Rude mois de Juillet 2013 pour les Roms en France. Les déclarations de plusieurs politiciens Français sont éloquentes : celles de Jean-Marie Le Pen avec « présence urticante et odorante », de Christian Estrosi (ancien ministre) qui parle de « comportements délinquants » et qui a concocté un « mode d’emploi » pour combattre les Roms, et pour finir crescendo avec Gilles Bourdouleix (député-maire de Cholet) : « Comme quoi, Hitler n’en a peut-être pas tué assez » ! Suite à cette dernière, un sondage en ligne (retiré depuis) du journal le point propose de se positionner par rapport à de tels propos et 15% des français votants déclarent partager cette idée !
Dans ce contexte, seriez-vous étonnés d’apprendre qu’une expédition punitive a été organisée fin Juillet envers des Roms dont certains furent grièvement blessés (27 07 2013 en Seine Saint Denis) ?
A Marseille, des fiches descriptives de l’appel d’offre d’installation de caméras de surveillance, portent les mentions « Roms » ou « gens du voyage » en violation totale des principes fondamentaux des libertés publiques, comme le confirme Christophe Madrolle, vice-président MoDem de la communauté urbaine de Marseille.
Dès 2005-2006, le « Retour Volontaire », un concept popularisé par l’ancien président français Nicolas Sarkosy, se positionne dans un contexte de confusion entretenue d’incitations au retour, d’expulsions de campements Roms et de déclarations tonitruantes. (...)
Aujourd’hui, l’amélioration du traitement des Roms pourtant attendue avec le nouveau gouvernement de François Hollande, se fait cruellement attendre et la France est de nouveau pointée du doigt par l’ONU en raison du caractère illégal des expulsions collectives, mais aussi de carences dans la scolarisation ou encore plus généralement concernant un climat d’hostilité préoccupant à l’égard des Roms en France !

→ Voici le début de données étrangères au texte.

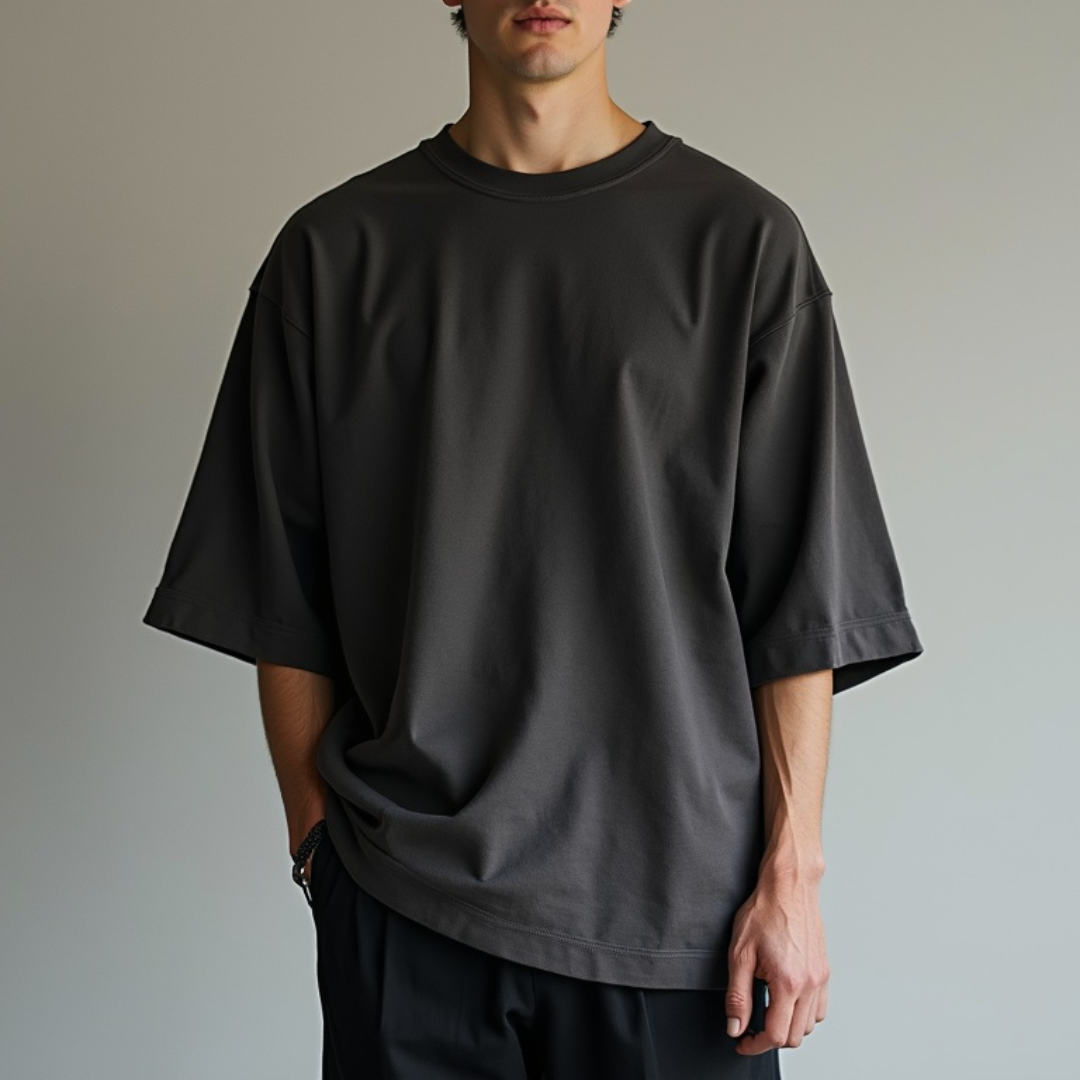 farbe_off black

Une loi sur les aires d’accueil teintée d’incompétence ou de mauvaise volonté ?
La loi votée en 2000 sur l’obligation de réalisation d’aires d’accueil pour l’accueil de Roms ne s’inscrit pas dans la pratique. Seule une moitié des aires existe réellement et moins encore pour d’autres types d’aires, comme celles dites de « grand passage », tellement importantes pour les mouvements saisonniers de grand flux de Roms.
Dans les Alpes-Maritimes par exemple, où le cas de Nice et des propos son maire Christian Estrosi ont défrayé la chronique, 15% du nombre prévu existent effectivement, et aucune aire dite « de grand passage » ! Si Nice dispose bien d’une aire de stationnement, la loi y prévoit l’obligation d’une deuxième plus grande, inexistante celle-ci. Mais l’essentiel pour certains politiques semble de faire un « buzz » avec des visées purement électoralistes ! (...)
Cette même loi porte encore de nombreuses interrogations : La loi prend-elle en compte l’état des terrains par exemple dans le cas d’un terrain boueux impropre à l’installation de caravanes ? Comment sont fixées les tarifications et participations demandées aux Roms pour demeurer sur ces aires (électricité, eau, ordures ménagères) ? …Un manque de clarté regrettable qui bien sûr débouche sur des débordements, puisque l’application de ces paramètres dépend de la bonne volonté des communes et collectivités ! Là encore, Nice est pointée du doigt (...)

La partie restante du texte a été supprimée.